The loans in the 2016/17 Harvest Plan are divided into two types. The first type is production loans for the planting and marketing of the 2016/17 crops and the second type is for investment loans for such things as equipment purchases. For production loans, there is R$ 115.8 billion available with subsidized interest rates and R$ 53 billion available at market interest rates, which can surpass 20% depending on an individual's financial situation. For investment loans, there is R$ 4 billion available at subsidized interest rates and R$ 30 billion available at market interest rates.
Here are some of the important points of the 2016/17 Harvest Plan:
The funding for the Harvest Plan was increased slightly less than the rate of inflation.
Funding for the program is R$ 202.8 billion with higher interest rates than last year.
For farms with more than 500 hectares, the credit limit per individual for production loans was increased from R$ 1.2 to R$ 1.32 million. Farm organizations had requested a limit of R$ 2.4 million.
The amount of credit for investment loans declined 11% from last year.
The limit per individual for investment loans is R$ 430,000.
There was an increase in credit for production loans, but a decrease in credit for investment loans.
Farmers feel this is a very timid plan.
Farm organizations had requested R$ 225 billion in funding for 2016/17 and lower interest rates.
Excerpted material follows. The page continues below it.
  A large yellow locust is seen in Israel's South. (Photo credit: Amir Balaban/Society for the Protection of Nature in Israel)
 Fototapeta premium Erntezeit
In the end, they received less funding than they had requested and it came with higher interest rates.
Farmers feel that the funding for crop insurance is inadequate.
Farmers contend that the cost of production has increased more than the increase in the available credit.
The program takes effect on July 1, 2016.
Brazilian farm organizations criticized the plan immediately after it was released and they declared that the plan was "dead on arrival." They based much of their criticism on the fact that President Rousseff and the Minister of Agriculture may not be in power as soon as this week.
The Brazilian Senate is scheduled to vote this week on whether to impeach the president for financial irregularities. A simple majority vote is needed to proceed with an impeachment trial and a majority vote is virtually assured.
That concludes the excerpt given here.